OPEC+, a group of 22 oil-producing nations led by Saudi Arabia and Russia, is expected to further boost oil production in the coming month despite global prices hovering around $60 per barrel.
The group, which has historically exploited supply scarcity to drive up prices, will hold two meetings this week: an online session on Wednesday with all member states, followed by a meeting on Sunday with eight nations—dubbed the "V8"—that have made the largest cuts in recent years.

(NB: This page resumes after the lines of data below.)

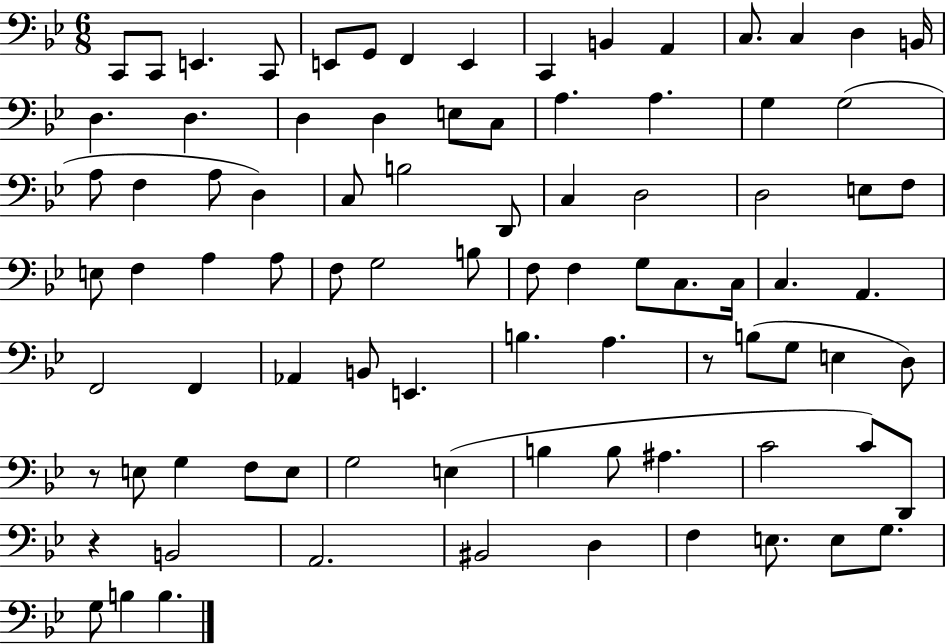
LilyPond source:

{
  \clef bass
  \numericTimeSignature
  \time 6/8
  \key bes \major
  c,8 c,8 e,4. c,8 | e,8 g,8 f,4 e,4 | c,4 b,4 a,4 | c8. c4 d4 b,16 | \break d4. d4. | d4 d4 e8 c8 | a4. a4. | g4 g2( | \break a8 f4 a8 d4) | c8 b2 d,8 | c4 d2 | d2 e8 f8 | \break e8 f4 a4 a8 | f8 g2 b8 | f8 f4 g8 c8. c16 | c4. a,4. | \break f,2 f,4 | aes,4 b,8 e,4. | b4. a4. | r8 b8( g8 e4 d8) | \break r8 e8 g4 f8 e8 | g2 e4( | b4 b8 ais4. | c'2 c'8) d,8 | \break r4 b,2 | a,2. | bis,2 d4 | f4 e8. e8 g8. | \break g8 b4 b4. | \bar "|."
}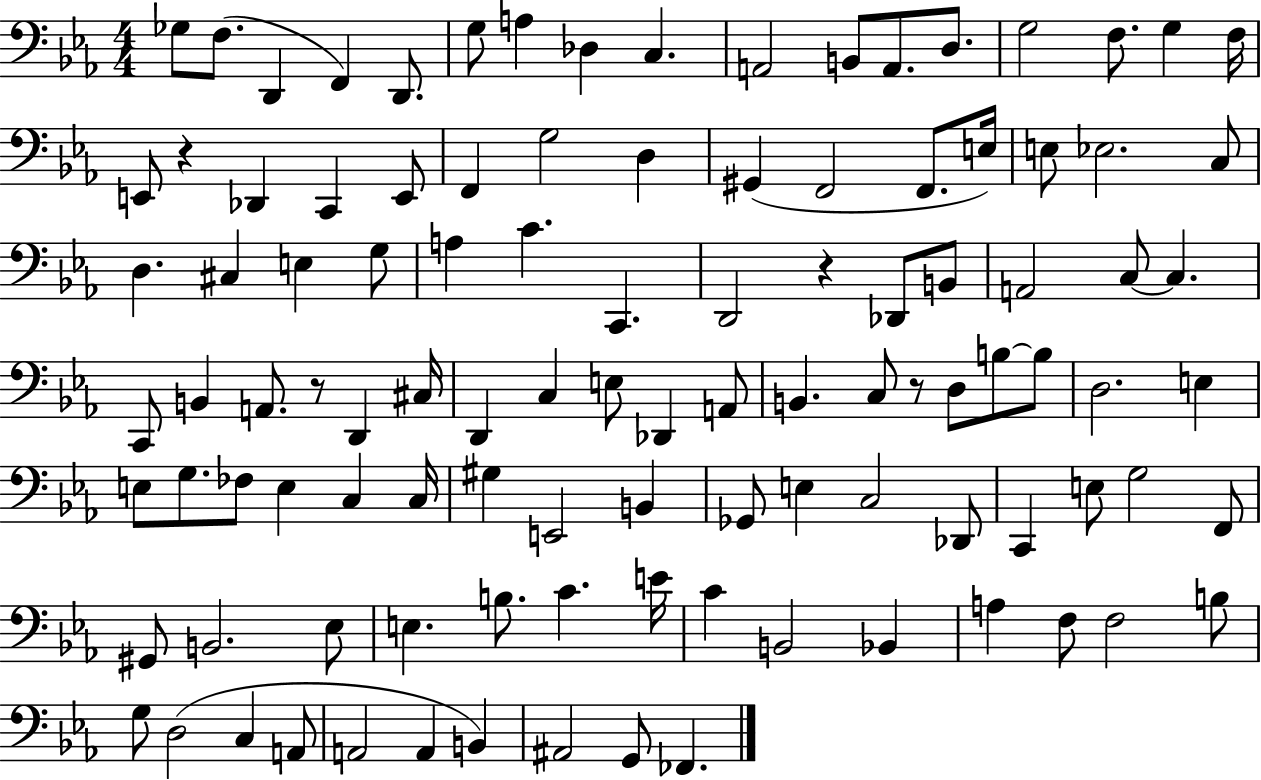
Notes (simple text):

Gb3/e F3/e. D2/q F2/q D2/e. G3/e A3/q Db3/q C3/q. A2/h B2/e A2/e. D3/e. G3/h F3/e. G3/q F3/s E2/e R/q Db2/q C2/q E2/e F2/q G3/h D3/q G#2/q F2/h F2/e. E3/s E3/e Eb3/h. C3/e D3/q. C#3/q E3/q G3/e A3/q C4/q. C2/q. D2/h R/q Db2/e B2/e A2/h C3/e C3/q. C2/e B2/q A2/e. R/e D2/q C#3/s D2/q C3/q E3/e Db2/q A2/e B2/q. C3/e R/e D3/e B3/e B3/e D3/h. E3/q E3/e G3/e. FES3/e E3/q C3/q C3/s G#3/q E2/h B2/q Gb2/e E3/q C3/h Db2/e C2/q E3/e G3/h F2/e G#2/e B2/h. Eb3/e E3/q. B3/e. C4/q. E4/s C4/q B2/h Bb2/q A3/q F3/e F3/h B3/e G3/e D3/h C3/q A2/e A2/h A2/q B2/q A#2/h G2/e FES2/q.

Analysts predict that the V8, which consists of Saudi Arabia, Russia, and six other OPEC+ members, will vote to increase production by 411,000 barrels per day for July, a continuation of the incremental hikes seen in May and June. This production increase, equivalent to roughly 1% of the global output, is expected to approach 1.4 million barrels per day when summed over the recent months.
This plan would put further downward pressure on oil prices, which are already slumping to lows last seen during the pandemic due to weaker global demand. Particularly affected would be Saudi Arabia, the world's largest oil exporter, as excessively low prices pose a challenge to finance its ambitious plan aimed at diversifying the economy.
The tide for this decision is seemingly driven by internal disagreements and external pressure. Some observe undelivered oil quotas as an opportunity for profiteering, with Kazakhstan, the main offender within the group, increasing production linked to the Tengiz project. Other countries, such as Iraq or the United Arab Emirates, have also increased their output, with Riyadh targeting particularly Astana to set an example.
U.S. President Donald Trump has also been vocal about pressing for lower oil prices to combat domestic inflation. Although recent diplomatic talks with Gulf countries did not mention the issue, OPEC+ is mindful of the outcome of Iranian nuclear talks, as its return to the oil market could lead to excess production.
OPEC+ leadership maintains that these measured increases are part of a delicate balancing act to ensure market stability and adequate investment in supply. They argue that without such coordination, chaotic price shocks detrimental to both producers and consumers could occur. Seasonal demand and regional supply constraints partly mitigate the impact of increased output, helping the market absorb the rise while maintaining stability.
Nonetheless, ongoing trade tensions and continuing supply rises could lead to further price declines later in the year, with some analysts suggesting a possible $10 per barrel drop in the second half of 2023 if these conditions persist. The challenge lies in perfectly balancing the need for increased production to meet demand with the risk of overproduction and the subsequent downward pressure on oil prices.
The OPEC+ group, with the V8 set to increase oil production by 411,000 barrels per day in July, could potentially strain industry financing due to decreasing oil prices, impacting the economies of oil-exporter nations. This decision, influenced by internal disagreements and external pressure, may also affect the finance sector, as lower oil prices could lead to an energy sector instability.